天皇は「象徴」であり、政治の実権を持たず、選挙で投票することもできない。この「象徴」という表現には、いったいどんな意味が込められているのか?
政治の学び直しに役立つと話題の『今さら聞けない!政治のキホンが2時間で全部頭に入る』(馬屋原吉博著、すばる舎)から、著者で中学受験の社会科の大人気講師・馬屋原吉博先生のわかりやすい解説を紹介する。

天皇の地位を規定する憲法第1条

【政治の学び直し】「天皇が象徴である」というのは、どういう意味なのか?写真はイメージです(Photo: Adobe Stock)

日本国憲法は、天皇について規定した第1条でも、主権が国民にあることを明言しています。

日本国憲法第1条
天皇は、日本国の象徴であり日本国民統合の象徴であって、この地位は、主権の存する日本国民の総意に基く。

「象徴」とは、一般的に絵や写真で表すことができない考えや物事を、具体的に表現した記号のことです。たとえば「ハート」という記号を見ると、多くの人は「愛」や「恋」を連想します。これが象徴です。

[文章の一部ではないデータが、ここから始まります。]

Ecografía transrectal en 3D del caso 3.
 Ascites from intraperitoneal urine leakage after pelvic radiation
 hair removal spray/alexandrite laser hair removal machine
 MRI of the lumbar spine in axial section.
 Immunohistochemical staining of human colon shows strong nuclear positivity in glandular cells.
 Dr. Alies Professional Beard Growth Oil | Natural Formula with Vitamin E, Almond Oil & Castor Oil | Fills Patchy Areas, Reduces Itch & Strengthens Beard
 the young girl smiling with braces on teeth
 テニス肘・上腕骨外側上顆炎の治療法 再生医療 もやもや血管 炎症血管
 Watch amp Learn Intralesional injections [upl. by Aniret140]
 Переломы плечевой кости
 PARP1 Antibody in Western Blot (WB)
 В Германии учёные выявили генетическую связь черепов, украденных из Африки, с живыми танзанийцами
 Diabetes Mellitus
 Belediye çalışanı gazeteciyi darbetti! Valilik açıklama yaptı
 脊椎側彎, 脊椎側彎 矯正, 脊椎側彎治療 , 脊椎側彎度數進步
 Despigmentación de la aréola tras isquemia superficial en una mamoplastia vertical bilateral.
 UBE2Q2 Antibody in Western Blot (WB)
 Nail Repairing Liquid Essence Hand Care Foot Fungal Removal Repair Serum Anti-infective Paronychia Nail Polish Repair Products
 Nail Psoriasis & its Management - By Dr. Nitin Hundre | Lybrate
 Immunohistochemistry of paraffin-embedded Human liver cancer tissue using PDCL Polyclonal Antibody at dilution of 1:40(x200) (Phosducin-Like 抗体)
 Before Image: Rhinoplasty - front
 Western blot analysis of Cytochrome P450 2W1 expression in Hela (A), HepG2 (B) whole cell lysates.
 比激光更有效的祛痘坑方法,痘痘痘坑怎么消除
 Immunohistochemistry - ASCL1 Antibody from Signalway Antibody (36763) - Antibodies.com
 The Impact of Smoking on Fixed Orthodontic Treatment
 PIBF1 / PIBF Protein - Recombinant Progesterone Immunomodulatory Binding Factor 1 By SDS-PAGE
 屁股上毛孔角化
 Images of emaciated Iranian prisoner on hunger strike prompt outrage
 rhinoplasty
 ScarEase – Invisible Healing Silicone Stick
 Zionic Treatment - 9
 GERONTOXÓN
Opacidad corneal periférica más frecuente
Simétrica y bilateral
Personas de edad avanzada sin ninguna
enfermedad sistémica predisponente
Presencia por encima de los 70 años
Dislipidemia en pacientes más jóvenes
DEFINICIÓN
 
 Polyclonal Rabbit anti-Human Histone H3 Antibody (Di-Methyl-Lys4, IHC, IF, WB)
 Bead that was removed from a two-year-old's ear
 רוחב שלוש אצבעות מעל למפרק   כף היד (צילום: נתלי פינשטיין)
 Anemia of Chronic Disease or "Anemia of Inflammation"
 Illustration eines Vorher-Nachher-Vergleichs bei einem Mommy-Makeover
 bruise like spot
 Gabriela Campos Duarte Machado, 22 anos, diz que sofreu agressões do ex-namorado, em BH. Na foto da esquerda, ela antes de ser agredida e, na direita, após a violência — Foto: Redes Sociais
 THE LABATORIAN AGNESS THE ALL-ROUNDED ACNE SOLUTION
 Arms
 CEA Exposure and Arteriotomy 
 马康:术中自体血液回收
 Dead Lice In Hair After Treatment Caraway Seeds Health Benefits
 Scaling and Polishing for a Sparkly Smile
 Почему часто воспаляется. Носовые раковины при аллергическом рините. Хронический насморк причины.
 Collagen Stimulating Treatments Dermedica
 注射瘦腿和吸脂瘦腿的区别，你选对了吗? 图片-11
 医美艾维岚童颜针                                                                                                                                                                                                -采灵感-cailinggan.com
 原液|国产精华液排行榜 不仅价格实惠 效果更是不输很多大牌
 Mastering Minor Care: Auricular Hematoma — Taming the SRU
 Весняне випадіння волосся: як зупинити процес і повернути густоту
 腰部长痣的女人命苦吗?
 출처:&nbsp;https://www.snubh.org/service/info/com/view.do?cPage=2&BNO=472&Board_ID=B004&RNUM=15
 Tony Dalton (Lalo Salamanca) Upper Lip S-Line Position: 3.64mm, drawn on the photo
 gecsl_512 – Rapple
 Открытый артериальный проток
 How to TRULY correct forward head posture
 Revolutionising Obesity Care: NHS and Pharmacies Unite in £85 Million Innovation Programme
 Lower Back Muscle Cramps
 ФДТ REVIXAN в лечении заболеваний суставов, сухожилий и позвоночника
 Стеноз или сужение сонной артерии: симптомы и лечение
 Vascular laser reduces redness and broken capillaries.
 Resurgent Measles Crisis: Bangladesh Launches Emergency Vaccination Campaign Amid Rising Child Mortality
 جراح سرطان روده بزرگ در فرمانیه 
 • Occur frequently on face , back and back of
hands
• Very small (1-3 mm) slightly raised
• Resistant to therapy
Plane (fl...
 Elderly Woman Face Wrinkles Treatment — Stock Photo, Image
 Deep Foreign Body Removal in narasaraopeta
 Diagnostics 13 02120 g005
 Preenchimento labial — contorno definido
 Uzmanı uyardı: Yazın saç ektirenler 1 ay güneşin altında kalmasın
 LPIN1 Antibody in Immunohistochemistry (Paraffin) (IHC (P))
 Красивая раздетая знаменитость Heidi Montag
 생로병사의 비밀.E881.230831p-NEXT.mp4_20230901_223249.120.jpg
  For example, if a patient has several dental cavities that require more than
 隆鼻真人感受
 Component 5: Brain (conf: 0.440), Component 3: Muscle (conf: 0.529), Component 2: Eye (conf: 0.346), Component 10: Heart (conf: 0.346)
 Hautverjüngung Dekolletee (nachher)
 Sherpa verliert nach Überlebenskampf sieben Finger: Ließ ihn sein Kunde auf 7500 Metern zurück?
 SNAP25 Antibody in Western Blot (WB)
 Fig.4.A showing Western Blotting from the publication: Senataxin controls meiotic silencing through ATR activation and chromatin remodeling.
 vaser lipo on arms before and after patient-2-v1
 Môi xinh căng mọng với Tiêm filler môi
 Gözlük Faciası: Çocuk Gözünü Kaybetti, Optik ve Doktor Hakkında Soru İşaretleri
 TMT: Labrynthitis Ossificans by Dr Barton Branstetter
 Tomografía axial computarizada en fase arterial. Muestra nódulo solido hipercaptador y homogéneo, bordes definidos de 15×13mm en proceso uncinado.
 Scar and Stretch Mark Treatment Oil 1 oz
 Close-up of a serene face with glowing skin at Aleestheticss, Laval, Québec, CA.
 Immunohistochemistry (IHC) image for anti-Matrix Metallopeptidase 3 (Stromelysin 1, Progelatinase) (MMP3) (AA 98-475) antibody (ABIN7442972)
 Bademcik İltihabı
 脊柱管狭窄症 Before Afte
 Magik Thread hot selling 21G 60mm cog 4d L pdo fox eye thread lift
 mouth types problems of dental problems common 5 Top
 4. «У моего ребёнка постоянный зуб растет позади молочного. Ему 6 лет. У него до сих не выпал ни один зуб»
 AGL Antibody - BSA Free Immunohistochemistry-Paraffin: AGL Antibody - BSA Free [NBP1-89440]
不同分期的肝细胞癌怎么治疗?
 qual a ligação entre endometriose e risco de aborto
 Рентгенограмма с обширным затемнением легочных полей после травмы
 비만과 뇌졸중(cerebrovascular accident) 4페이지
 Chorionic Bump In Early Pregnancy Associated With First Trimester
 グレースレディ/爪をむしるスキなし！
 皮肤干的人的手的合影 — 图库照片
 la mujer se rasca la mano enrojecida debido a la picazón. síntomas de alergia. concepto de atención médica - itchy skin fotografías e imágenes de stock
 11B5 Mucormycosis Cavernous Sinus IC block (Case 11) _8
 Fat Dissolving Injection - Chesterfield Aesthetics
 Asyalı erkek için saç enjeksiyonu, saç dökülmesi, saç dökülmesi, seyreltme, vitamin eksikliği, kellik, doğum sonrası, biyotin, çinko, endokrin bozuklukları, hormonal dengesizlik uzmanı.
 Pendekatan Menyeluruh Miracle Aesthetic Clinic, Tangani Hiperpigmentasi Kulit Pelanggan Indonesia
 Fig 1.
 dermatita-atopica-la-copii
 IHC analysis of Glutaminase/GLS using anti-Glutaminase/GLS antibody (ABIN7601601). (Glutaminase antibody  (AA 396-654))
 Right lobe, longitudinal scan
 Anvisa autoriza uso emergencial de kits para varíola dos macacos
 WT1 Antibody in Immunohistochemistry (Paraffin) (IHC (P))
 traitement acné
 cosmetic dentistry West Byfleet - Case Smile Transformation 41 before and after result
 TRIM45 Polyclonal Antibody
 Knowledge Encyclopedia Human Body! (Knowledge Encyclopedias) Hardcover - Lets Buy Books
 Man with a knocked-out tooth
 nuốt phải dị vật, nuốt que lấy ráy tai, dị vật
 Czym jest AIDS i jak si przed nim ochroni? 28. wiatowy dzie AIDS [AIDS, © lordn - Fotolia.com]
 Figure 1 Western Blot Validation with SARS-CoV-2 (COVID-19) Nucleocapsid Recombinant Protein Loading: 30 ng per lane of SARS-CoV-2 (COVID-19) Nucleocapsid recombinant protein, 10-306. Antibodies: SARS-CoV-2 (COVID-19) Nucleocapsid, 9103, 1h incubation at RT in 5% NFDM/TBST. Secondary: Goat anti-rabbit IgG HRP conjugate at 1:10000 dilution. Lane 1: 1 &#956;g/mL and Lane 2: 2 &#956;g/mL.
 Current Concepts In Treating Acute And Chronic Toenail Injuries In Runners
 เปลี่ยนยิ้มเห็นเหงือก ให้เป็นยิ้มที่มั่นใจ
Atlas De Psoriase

しかし、あくまで記号ですから、ハートマーク自体をどんなに分析しても、その中に「愛」そのものを見つけることはできません。

1条は同時に国民主権を明言

「天皇は日本国の象徴である」というとき、それは、天皇は政治に対していかなる実質的な力も持たない、と規定しているのとほぼ同義です。

そのため、天皇や皇族には、国民に認められている「選挙権」や「被選挙権」すら認められていません。天皇や皇族の重要な仕事である「国事行為」は、すべて「内閣の助言と承認に基く」、すなわち、その内容は内閣が決めると規定されています。

そのうえで、日本国憲法は、天皇は象徴であると規定した、その同じ第1条の中で、この国の政治において主権を持つのは「日本国民」であると明言しているわけです。